Extraction of nuclear lysates
Cells were treated and harvested as described above,
lysed with hypotonic lysis buffer [10 mM
4-(2-hydroxyethyl)-1-piperazineethanesulfonic acid)(HEPES) (pH
7.9), 10 mM KCl and 1.5 mM MgCl2], and incubated for 15
min at 4°C. Cells were lysed further by the addition of 2.5% NP-40
and incubated for 10 min at 4°C. After 10 min, nuclei were
collected by centrifugation at 5,000 rpm (1,593 × g) for 5 min at
4°C. Nuclear proteins were resuspended in extraction buffer [10 mM
HEPES (pH 7.9), 100 mM NaCl, 1.5 mM MgCl2, 0.1 mM EDTA
and 0.1 mM dithiothreitol] and incubated for 20 min at 4°C. The
extracts were centrifuged at 14,000 rpm (10,770 × g) for 10 min and
the supernatant was used for western blot analysis.
Western blot analysis
Protein extracts (30 μg) were separated by
7.5–12.5% sodium dodecyl sulfate-polyacrylamide gel electrophoresis
and transferred to polyvinylidene fluoride membranes (Millipore,
Billerica, MA, USA). Membranes were blocked with 1% bovine serum
albumin (BSA) in TBS-T [10 mM Tris-HCl, 150 mM NaCl (pH 7.5) and
0.1% Tween-20] and incubated overnight with the indicated primary
antibodies (diluted 1:500, 1:1,000 or 1:2,000; Santa Cruz
Biotechnology, Inc., Santa Cruz, CA, USA) in TBS-T containing 1%
BSA with gentle agitation at 4°C. The secondary antibody was a
horseradish peroxidase-conjugated goat anti-mouse or anti-rabbit
antibody (A90-116P; diluted 1:10,000; Bethyl Laboratories, Inc.,
Montgomery, TX, USA). The signals were detected using an enhanced
chemiluminescence Western blotting kit (Thermo Fisher Scientific,
Inc., Rockford, IL, USA).
Reverse transcription-polymerase chain
reaction (RT-PCR)
The mRNA expression levels of specific genes were
evaluated by RT-PCR. IEC-6 cells were seeded in 100-mm dishes at a
density of 2×104 cells/well and were cultured for 24 h,
after which the medium was replaced with SFM containing PY-PE (125,
250, 500 or 1,000 ng/ml) for 24 h.

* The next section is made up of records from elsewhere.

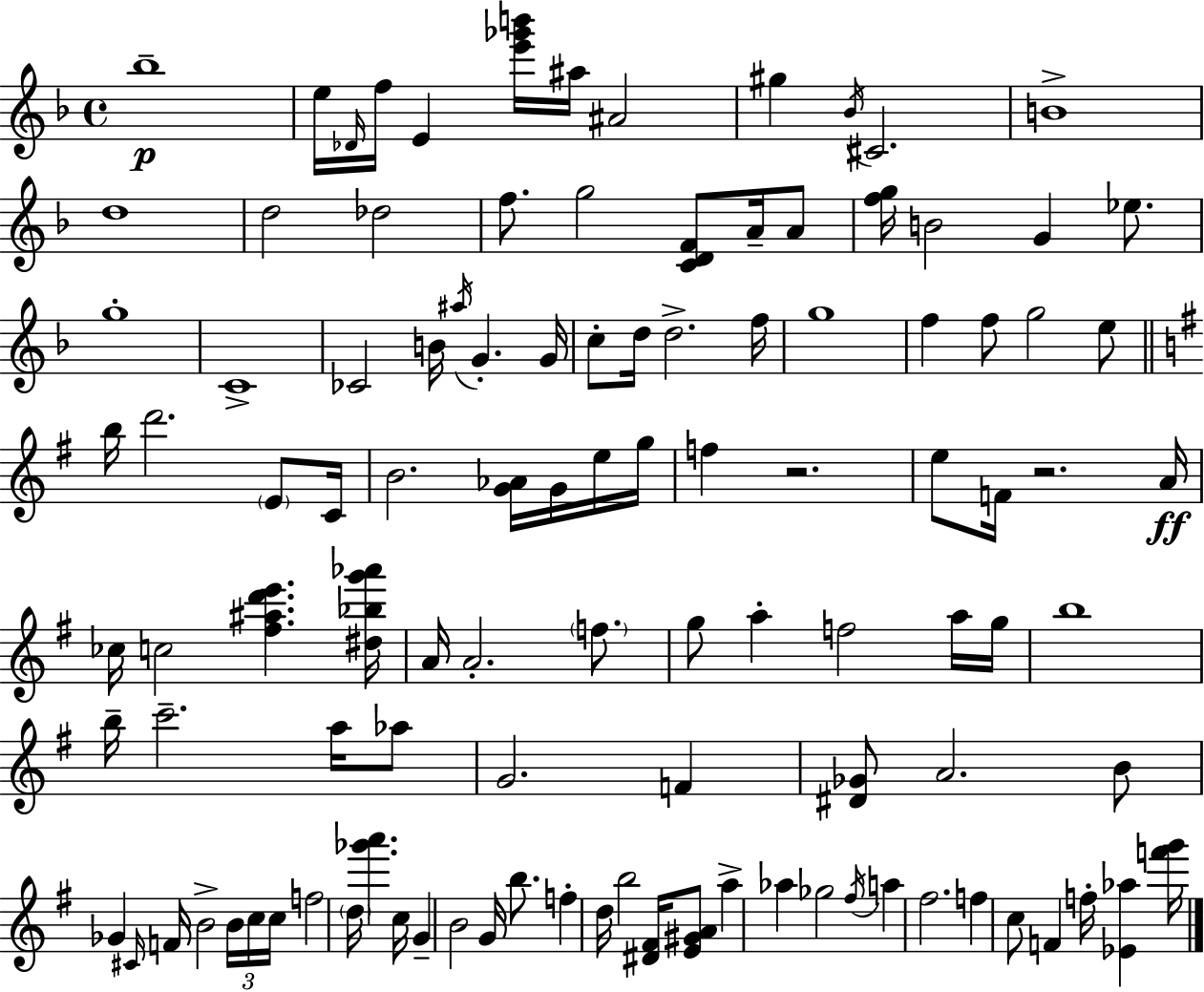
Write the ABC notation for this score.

X:1
T:Untitled
M:4/4
L:1/4
K:F
_b4 e/4 _D/4 f/4 E [e'_g'b']/4 ^a/4 ^A2 ^g _B/4 ^C2 B4 d4 d2 _d2 f/2 g2 [CDF]/2 A/4 A/2 [fg]/4 B2 G _e/2 g4 C4 _C2 B/4 ^a/4 G G/4 c/2 d/4 d2 f/4 g4 f f/2 g2 e/2 b/4 d'2 E/2 C/4 B2 [G_A]/4 G/4 e/4 g/4 f z2 e/2 F/4 z2 A/4 _c/4 c2 [^f^ad'e'] [^d_bg'_a']/4 A/4 A2 f/2 g/2 a f2 a/4 g/4 b4 b/4 c'2 a/4 _a/2 G2 F [^D_G]/2 A2 B/2 _G ^C/4 F/4 B2 B/4 c/4 c/4 f2 d/4 [_g'a'] c/4 G B2 G/4 b/2 f d/4 b2 [^D^F]/4 [E^GA]/2 a _a _g2 ^f/4 a ^f2 f c/2 F f/4 [_E_a] [f'g']/4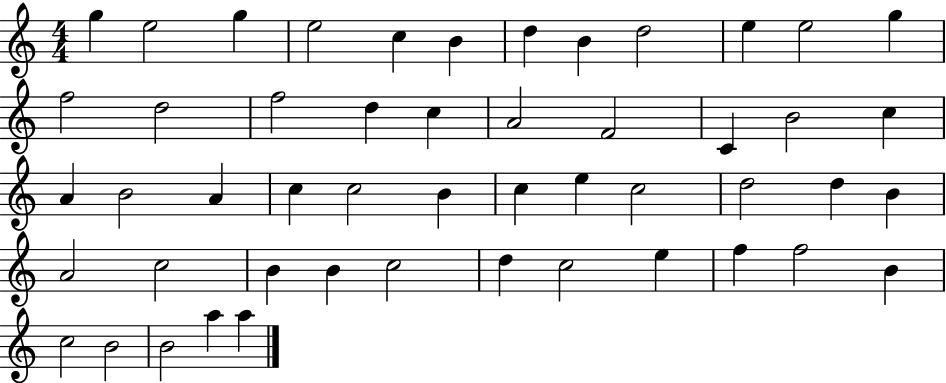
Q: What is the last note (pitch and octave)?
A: A5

RNA was extracted from cells
using the TRIzol reagent (Invitrogen Life Technologies, Carlsbad,
CA, USA) and quantified using oligo(dT) primers (Intron
Biotechnology Co., Ltd., Seongnam, Korea). cDNA was reverse
transcribed from the RNA and subjected to amplification using a PCR
kit (dNTP mix, 10X Ex Taq Buffer and Ex Taq; Takara Bio, Inc.,
Shiga, Japan) with primers (Table
I) in 0.1% diethylpyrocarbonate water. PCR products were
resolved on 1% agarose gels. Gels were stained with 10 mg/ml
ethidium bromide to visualize the amplification products.
 | Table IOligonucleotide sequences of the
primers used in RT-PCR. |
Table I
Oligonucleotide sequences of the
primers used in RT-PCR.
| Gene name | Primer sequence
(5′-3′) |
|---|
| IGF-IR | F:
AAA-TGT-GCC-CGA-GCG-TGT-G
R: TGC-CCT-TGA-AGA-TGG-TGC-ATC |
| IRS-1 | F:
ACT-TGA-GCT-ATG-ACA-CGG-CT
R: GGT-TGG-AGC-AAC-TGG-ATG-AA |
| PI3K | F:
GCC-GAA-CAC-CTT-TTT-GAG-TC
R: AGG-AGC-GGT-ACA-GCA-AAG-AA |
| PDK1 | F:
AAG-GGT-ACG-GGC-CTC-TCA-AA
R: CCC-ACG-TGA-TGG-ACT-GAA-AGA |
| Akt | F:
CAA-CTT-CTC-TGR-GGC-GCA-GTG
R: GAC-AGG-TGG-AAG-AAC-AGC-TCG |
| c-Jun | F:
TCA-AAA-TGT-TTG-CAA-CTG-CTG-CG
R: ATG-ACT-GCA-AAG-ATG-GAA-ACG |
| c-Fos | F:
GGA-GAA-TCC-GAA-GGA-AGG
R: GCT-TGG-GCT-CAG-GGT-CAT-TG |
| GAPDH | F:
CAG-CCG-AGC-CAC-ATC-G
R: TGA-GGC-TGT-TGT-CAT-ACT-TCT-C |
Statistical analysis
Significant differences among multiple mean values
were assessed by analysis of variance using SPSS version 10.0 (SPSS
Inc., Chicago, IL, USA). P<0.05 was considered to indicate a
statistically significant difference.
Results
Proliferative effect of PY-PE in IEC-6
cells
Through mass spectrometry, a 1,916-kDa compound was
identified from P. yezoensis, which was designated as PY-PE
(Fig. 1). The proliferative
effect of PY-PE on IEC-6 cells was confirmed using MTS assay.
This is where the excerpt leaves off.